According to Wikipedia a material safety data sheet (MSDS) “is an important component of product stewardship and occupational safety and health. It is intended to provide workers and emergency personnel with procedures for handling or working with that substance in a safe manner, and includes information such as physical data (melting point, boiling point, flash point, etc.), toxicity, health effects, first aid, reactivity, storage, disposal, protective equipment, and spill-handling procedures. SDS formats can vary from source to source within a country depending on national requirements.”
It is therefore imperative that where a new chemical product (or even an existing one) is being purchased, or even tested, that the supplier of the chemical product be requested to provide a MSDS to enable the end user to make an informed decision, as to whether they are comfortable with what the MSDS contains.
Many chemicals are hazardous and have to be handled in a particular manner should an accidental spillage occur failing which a cleaner could be severely burnt – where a chemical is also highly inflammable and toxic at the same time, special fire fighting equipment (e.g. gas masks) may be required when attempting to put out a fire pending the arrival of professional fire fighters.

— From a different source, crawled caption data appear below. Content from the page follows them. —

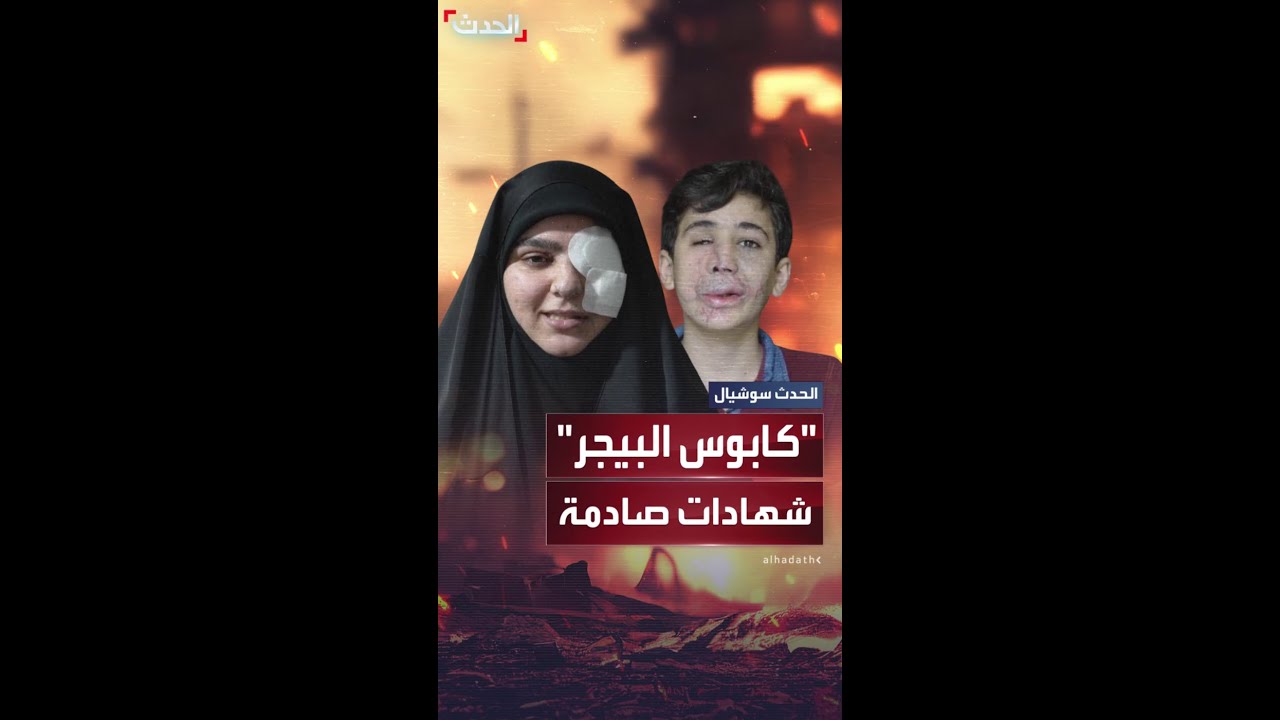 تقرير أسوشيتد برس يكشف: من انفجرت بيدهم أجهزة البيجر لم يعودوا كما كانوا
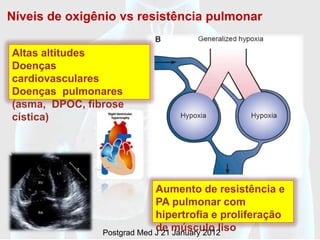 Níveis de oxigênio vs resistência pulmonar

Altas altitudes
Doenças
cardiovasculares
Doenças pulmonares
(asma, DPOC, fibrose
cística)




                             Aumento de resistência e
                             PA pulmonar com
                             hipertrofia e proliferação
                             de músculo liso
                Postgrad Med J 21 January 2012
 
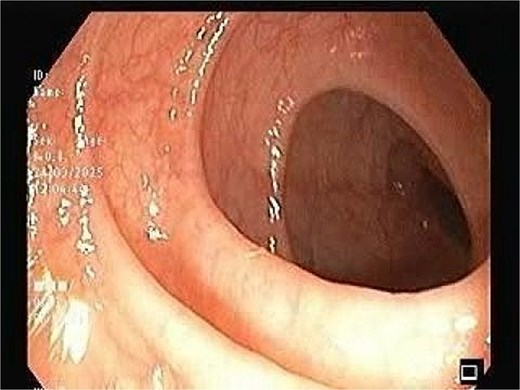 The image depicting normal colonic mucosa up to caecum with normal vascular pattern.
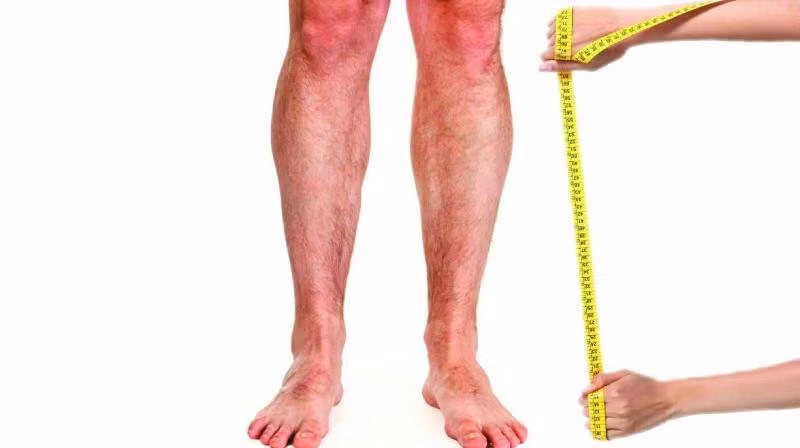 Kéo dài chi là một phẫu thuật lớn, cần thiết bị đầy đủ, cần kinh nghiệm. Do đó cần chú ý các yếu tố đó trong kéo dài chi. Kéo dài chi là tạo sự đẹp với chức năng tốt mà tất cả sự tốt đẹp nào cũng cần phải có công phu và khó nhọc. Do đó người bệnh và bác sĩ cũng phải trả giá cho cái đẹp này. Người bệnh phải chịu cuộc mổ, chịu đau, chịu căng thẳng và người bác sĩ phải có công theo dõi cẩn thận. (Ảnh: wiseGEEK, Global News, Benhvien108, heightsurgery.com)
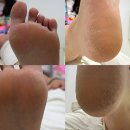 태이랩 | 인천발관리 발각질 제거 레푸스 구월점 방문후기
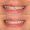 Broken Tooth Repair With Composite Filling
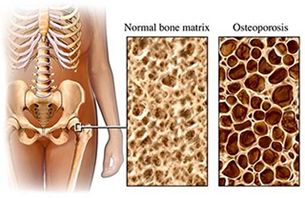 Spine2019's tweet photo. #Oral supplementation with #vitamin D and calcium may be effective for improving bone mineral density (BMD) in postmenopausal women with comorbid #osteoporosis and #rheumatoid arthritis (RA) treated with #denosumab @spine2019 link : https://t.co/yVzVPf5zNz https://t.co/QOZihm4MHt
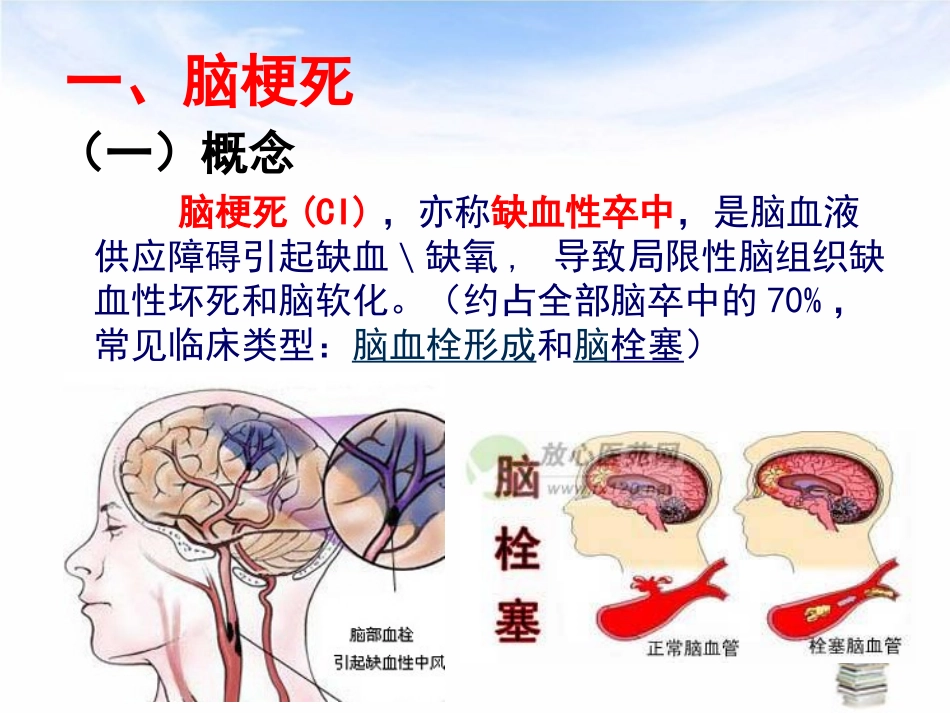 脑梗死相关护理知识_第3页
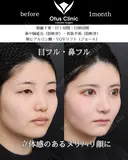 鼻中隔延長・鼻尖形成・貴族手術・眼瞼下垂・目頭切開・目上切開・頬ヒアルロン酸・糸リフト before画像 サムネイル用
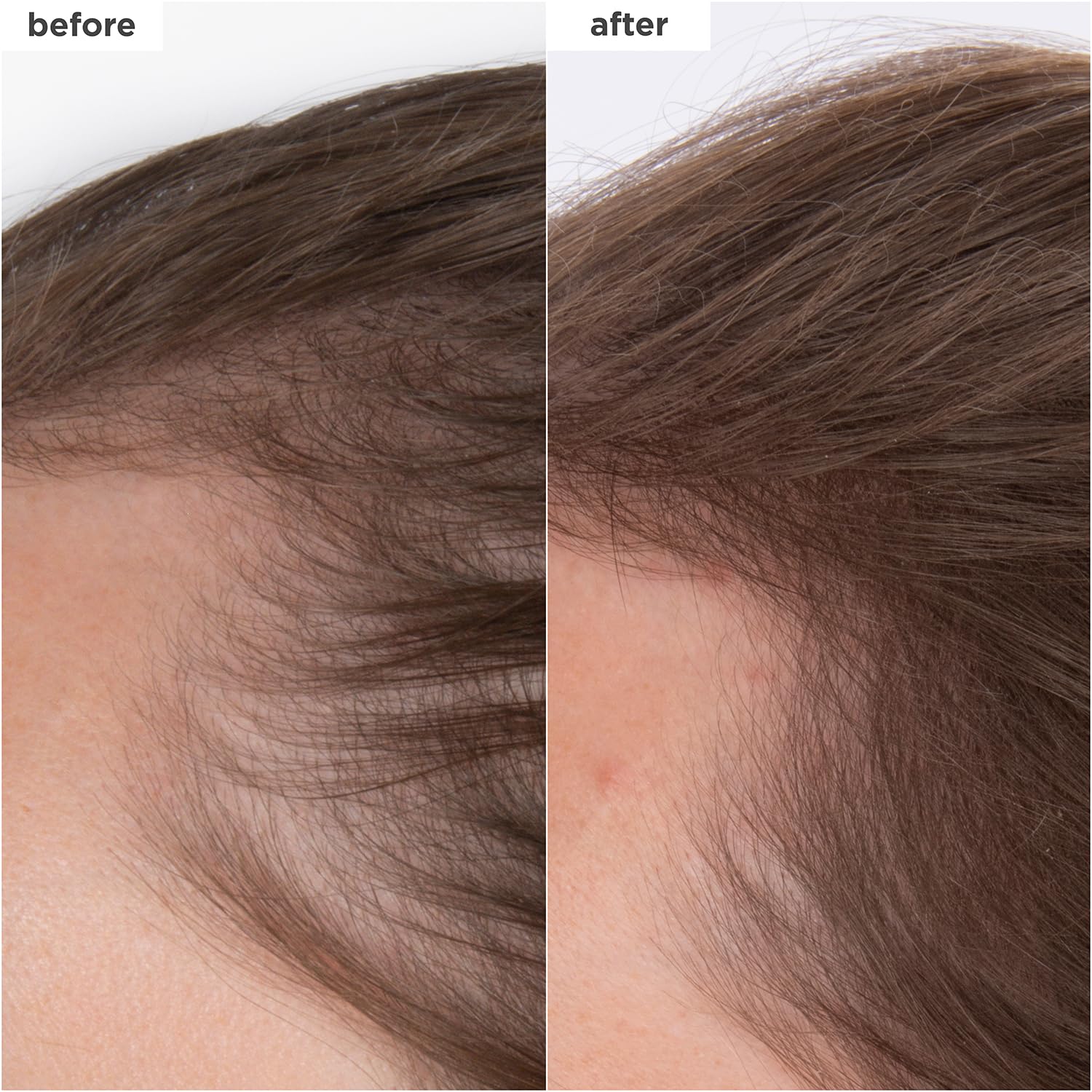 Brioge Destine Fo Densit MegaStrength Caffein Bioti Peptid Densit Serum Increase Hai Thicknes an Volume Fast-Absorbin Non-Greasy Fragrance-Free Vegan Cruelty-Free 1. f oz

Food safety/health practitioners should as a matter of practise ensure that their HACCP/ISO protocols not only call for such documentation to be readily available in the event of a disaster, but that the recommendations contained in the MSDS are stringently adhered to failing which staff and/or patrons could sue the company for any injuries/fatalities that should arise.
Finally ensure that the MSDS has been issued by a credible recognised authority.